What is URL Encoding? A Plain-English Guide

You’ve seen them before — strings like %20, %3A, %2F scattered through URLs. They look cryptic, but they’re actually one of the simplest specifications on the web: URL encoding, also called percent-encoding.

The short version: URL encoding is how URLs carry text that contains characters the URL syntax wouldn’t otherwise allow. A space, an emoji, a Japanese ideograph, a comma — all need to be represented as bytes the URL spec considers safe. Percent-encoding is the agreed-upon translation table.

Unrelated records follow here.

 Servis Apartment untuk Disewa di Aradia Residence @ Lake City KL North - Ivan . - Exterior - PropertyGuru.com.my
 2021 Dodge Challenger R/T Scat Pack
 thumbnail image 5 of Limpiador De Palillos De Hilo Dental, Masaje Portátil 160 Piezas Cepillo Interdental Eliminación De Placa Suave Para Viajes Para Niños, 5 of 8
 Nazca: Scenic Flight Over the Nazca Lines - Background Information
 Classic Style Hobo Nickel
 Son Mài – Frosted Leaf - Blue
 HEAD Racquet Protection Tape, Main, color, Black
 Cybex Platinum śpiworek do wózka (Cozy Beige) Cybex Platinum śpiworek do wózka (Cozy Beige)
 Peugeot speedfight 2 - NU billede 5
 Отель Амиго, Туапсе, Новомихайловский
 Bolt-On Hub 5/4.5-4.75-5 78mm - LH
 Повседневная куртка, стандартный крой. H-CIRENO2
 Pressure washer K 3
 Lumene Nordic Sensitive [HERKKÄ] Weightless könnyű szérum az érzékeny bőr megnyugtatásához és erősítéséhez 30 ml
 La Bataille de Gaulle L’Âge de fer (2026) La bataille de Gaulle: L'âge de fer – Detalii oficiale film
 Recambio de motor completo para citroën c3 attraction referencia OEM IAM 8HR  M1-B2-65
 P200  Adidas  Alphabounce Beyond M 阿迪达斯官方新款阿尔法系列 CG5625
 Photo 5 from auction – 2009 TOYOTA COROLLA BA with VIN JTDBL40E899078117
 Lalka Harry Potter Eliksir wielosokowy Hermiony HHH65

Why URLs need encoding at all

URLs travel through HTTP. The HTTP protocol’s request line looks like this:

GET /search?q=hello HTTP/1.1

That line is whitespace-delimited. The server splits on spaces to find the method (GET), the path (/search?q=hello), and the protocol version (HTTP/1.1). If a space appeared in the path, the server would interpret everything after it as the version — broken request.

Same story for other characters that have meaning in URLs: ? introduces the query string, & separates query parameters, # introduces the fragment. Characters with structural meaning can’t also appear as data.

The encoding rule

For each byte you want to encode, write a percent sign followed by the byte’s value as two hex digits. That’s the entire rule.

A space has byte value 0x20, so it’s encoded as %20. A question mark is 0x3F → %3F. The ampersand: 0x26 → %26.

For non-ASCII characters (like é or 你), the character is first encoded to its UTF-8 bytes, and each byte is then percent-encoded. The letter é is two bytes in UTF-8 (0xC3 0xA9), so it becomes %C3%A9.

Which characters need encoding

RFC 3986 calls characters that never need encoding the unreserved set: letters A-Z and a-z, digits 0-9, and four punctuation marks - _ . ~. Anything else either has reserved meaning in URL syntax or isn’t a safe ASCII character.

In practice, you can over-encode safely (encoding more characters than strictly required is always valid), but under-encoding breaks things. The conservative move when you’re unsure is to encode anything that isn’t a plain letter or digit.

The two flavors of URL encoding

You’ll see two slightly different conventions in the wild.

Standard percent-encoding (RFC 3986) encodes a space as %20 and treats + as a literal plus sign. This is what URLs use in path components and what encodeURIComponent produces in JavaScript.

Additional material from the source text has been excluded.